OMD’s synth pop, once so unfashionable, now seems prescient, and their new English Electric got pretty high on the U.K. charts this spring, too.
Terminal 5, July 17.
16. Read The Founding Conservatives
Constitutionalists before the Constitution.
Academic rigor without deadly prose is a rare combination. David Lefer has it, though, and the result is a reminder that conservatism—the eighteenth-century kind, anyway—once displayed intellectual soundness and thoughtful proponents.
17. Consider Books vs. Movies
At Symphony Space’s “Uptown Showdown.”
A great idea: absolutely serious debates over unanswerable questions (cats versus dogs, comfort or fashion?), with smart, funny people. This time, Janeane Garofalo, Eugene Mirman, Aparna Nancherla, Bridey Elliott, and David Rees will discuss whether film can keep up with print.
Leonard Nimoy Thalia, July 17, 8 p.m.
18. Hear Lil Wayne With T.I., Future, and 2 Chainz
At Jones Beach.
Because Jay-Z isn’t the only game in town this week.
July 19, 6 p.m.
Pretty Much Uncategorizable
19. See Kaiju Big Battel
More or less a parody of a Japanese-monster showdown, come to life in pro-wrestling form. Godzilla-ish creatures battle for world domination, supervised by the Kaiju Commissioner; a referee; and Anthony Salbino, an urban-renewal expert who helps rebuild after the rampaging.
Stage 48, 605 W. 48th St., July 20; details at kaiju.com.
20. See The Hunt
A different flavor from Hannibal.
Those of us in the Mads Mikkelsen fan club love how little that taut visage moves yet how much is signaled by those liquid eyes. Mikkelsen has been a creepy-crawly Bond villain and a chilling Hannibal Lecter. But how is he as an unstable schoolteacher unjustly accused of molesting a child? Unspeakably moving.
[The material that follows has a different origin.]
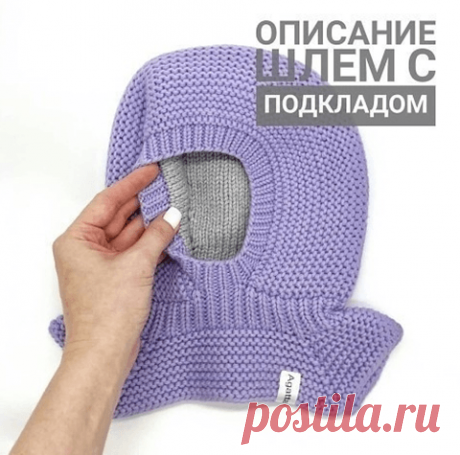 Вязаный шлем на спицах с подкладом Описание вязания шлема на 1-2г ОГ 46-48 из lanagattosupersoft в 2нити спицами 3.5, 4.5. Плотность платоч-й вязки и глади в 1см 1,9п. Сокращения:п-петля, пп-петли, р-ряды, М-маркер «Шапочка» На спицы 3.5 набрать 74п(туго), замкнуть в круг,вязать резинку 1×1 7р Снимаем 5п на булавку. Остальные пп вяжем на спицах 4.5 платоч-й вязкой, равномерно прибавив в 1ом ряду … Подробнее  "Вязаный шлем на спицах с подкладом"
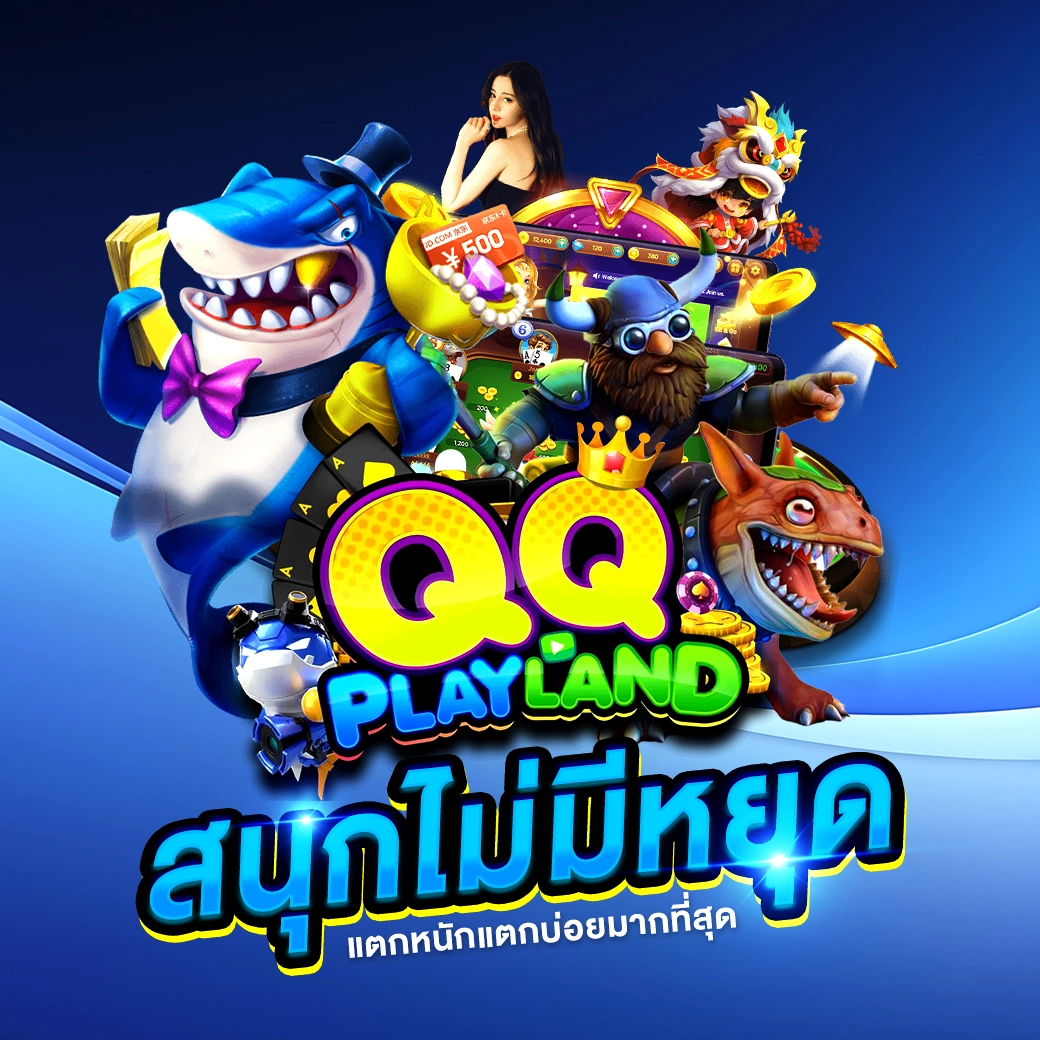 QQPLAYLAND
Thomas Vinterberg’s The Hunt shows us a rural community turned inside out by hysteria—and Mikkelsen keeps you riveted to the last unnerving shot. —D.E.
In theaters now.
21. Watch Whose Line Is It Anyway?
Making it up since 1998.
One of the few consistently satisfying comedies in recent TV history, this former ABC series is returning via the CW. The host is new—Aisha Tyler, Archer’s svelte badass superspy—but the format is the same, and the producers had the sense to keep Wayne Brady, Ryan Stiles, and Colin Mochrie. When this gang is cooking, they deliver an action-movie-level adrenaline rush. —Matt Zoller Seitz
The CW, July 16, 8 p.m.
22. Hear Fun.
Joined by Tegan and Sara.
And watch for Lena Dunham in the audience.
Pier 26, Hudson River Park, July 22 and 23, 7 p.m.
23. Watch The Cheshire Murders
HBO recounts a crime that shocked Cheshire, Connecticut: a home invasion by ex-cons Steven Hayes and Joshua Komisarjevsky that went on all night and ended with arson, rape, and three murders. As presented by filmmakers Kate Davis and David Heilbroner, the case is not a random atrocity but the end product of a systemic breakdown, caused by failures in police work, the parole system, and mental-health care. —M.Z.S.
HBO, July 22, 9 p.m.
24. Hear Martin Amis and Ian McEwan
Great writers, talking.
Amis and McEwan team up at the 92nd Street Y to talk about—I have no idea, but one hopes literature, aging, their late friend Christopher Hitchens, and which of them writes better sex scenes. —K.S.
92nd St. Y, July 22.
25. Read The Mad Fold-In Collection
Snappy answers to academics’ questions.
Columbia University just announced that it’s acquiring the archive of Mad’s Al Jaffee. He’s been drawing for Mad since 1955, and a shockingly high percentage of his work holds up; mark the occasion with this luxe four-volume set, published in 2011. Every page is a Scene We’d Like to See.